Brussels – December 16: EU Member States have just released their official reaction to the Commission’s Communication on stepping up EU action to protect and restore the world’s forests. They “request” the Commission to “expeditiously” undertake the assessment of regulatory measures in order to “reduce the EU consumption footprint on land”. They also affirm their support for working in partnership with producing countries.
Nicole Polsterer, Fern’s Sustainable Consumption and Production Campaigner said:
“We welcome Member States’ request that the Commission assess which regulatory measures will best tackle the EU’s forest footprint.
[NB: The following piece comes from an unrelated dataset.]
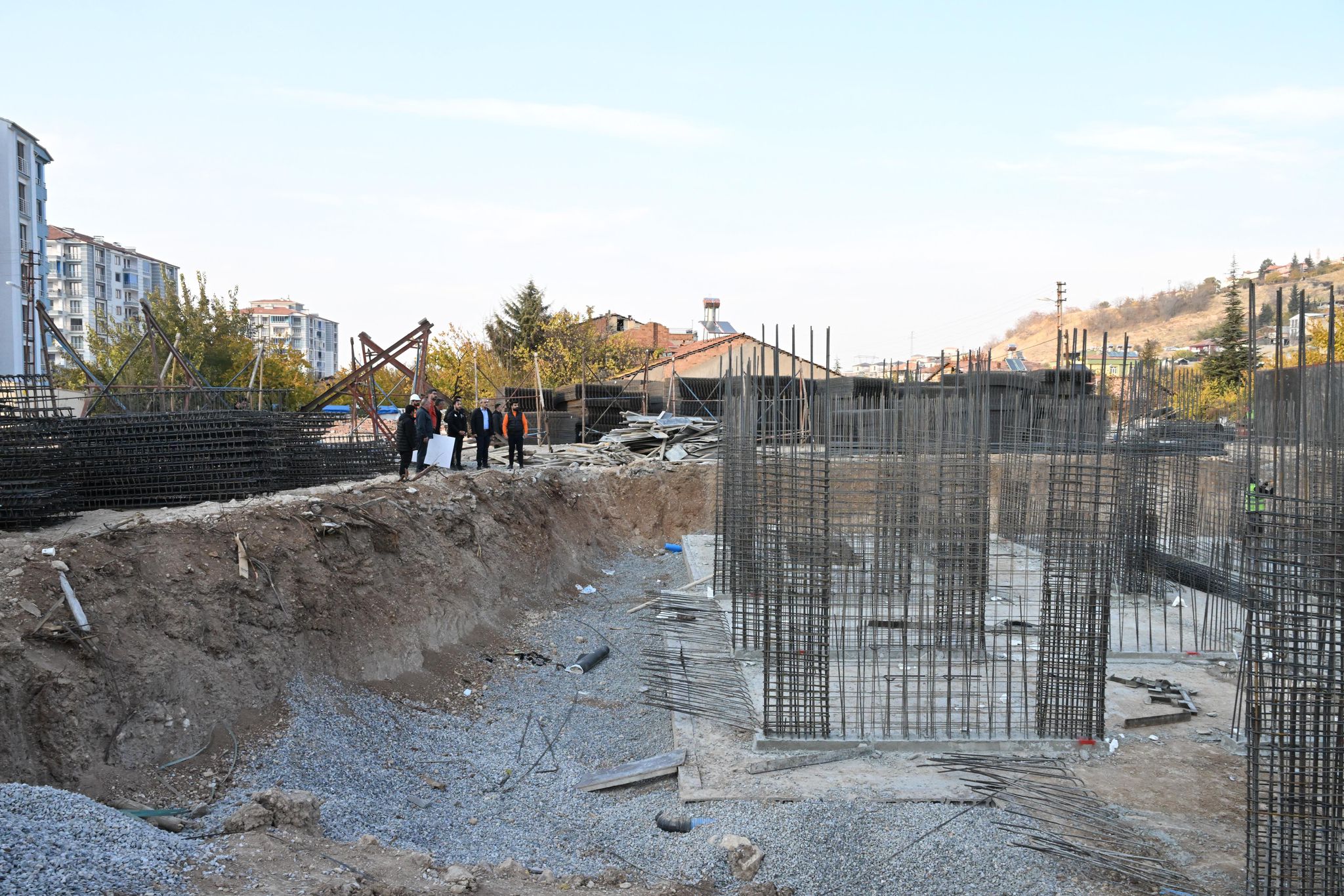 Malatya Büyükşehir Belediye Başkanı Sami Er, Rezerv alan için "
We are also pleased that EU governments recognise the importance of a partnership approach that reinforces supply-side measures.
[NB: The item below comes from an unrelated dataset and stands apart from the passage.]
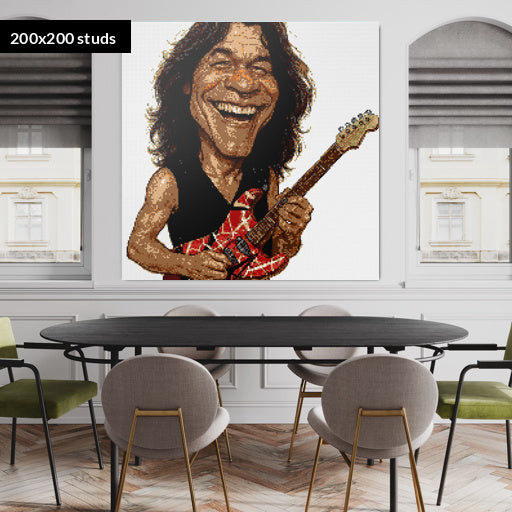 200*200studs, 160*160cm, 63*63inch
We urge EU policy makers not to get distracted by toothless greenwashing initiatives such as labelling or sustainable forest management. The best solutions must tackle the real problems such as the failure of voluntary commitments and weak land rights.
We call on the EU to pass a mandatory due diligence law to make companies and their financiers directly responsible for ensuring their imports aren’t tainted by land grabs and deforestation. To address the root causes of deforestation such as poor forest governance and unclear land tenure, the EU must develop partnerships with producer countries in a transparent and inclusive manner, including forest-dependent people in both negotiations and implementation. This will bring clear development, environmental and climate benefits to partner countries.”
On trade, Member States call on the Commission to “better take into account the issue of deforestation and forest degradation in Sustainability Impact Assessments (SIAs), these in advance of concluding the negotiations and to further integrate deforestation and forest degradation in the [trade agreements’] ex-post assessments.” This is an important statement, given that the European Commission finalised EU-Mercosur Free Trade Agreement negotiations despite the lack of up-to-date analysis of the deal’s potential damage and in contradiction of a 2016 ruling by the EU Ombudsman.
“It is shocking that the Commission has finalised EU-Mercosur negotiations without being informed of the potential impacts on deforestation. By calling on the Commission to consider such impacts before concluding negotiations, Member States are implicitly criticising how the Commission dealt with the EU-Mercosur,” added Polsterer.
EU Member States also invite the Commission to consider the feasibility “of an early alert mechanism in order to notify consumers, public authorities and companies sourcing commodities from areas at risk of deforestation”.
“We welcome EU countries’ proposed deforestation alert mechanism. Such a mechanism should also focus on human rights, as the guardians of the forest are facing increasing attacks and even murders” ended Polsterer.
Note to editors:
As potential demand-side measures, EU Member States mention due diligence, initiatives to raise the awareness of consumers, voluntary industry commitments, deforestation-free public procurement procedures as well as standards and certification schemes to better identify deforestation-free products.
On supply-side measures, they invite the Commission to assess the feasibility of “bilateral agreements with producing countries” and underline the need to learn from the experience of the Voluntary Partnership Agreements to tackle illegal logging. They also recognise the importance of good governance and “predictable land tenure systems”.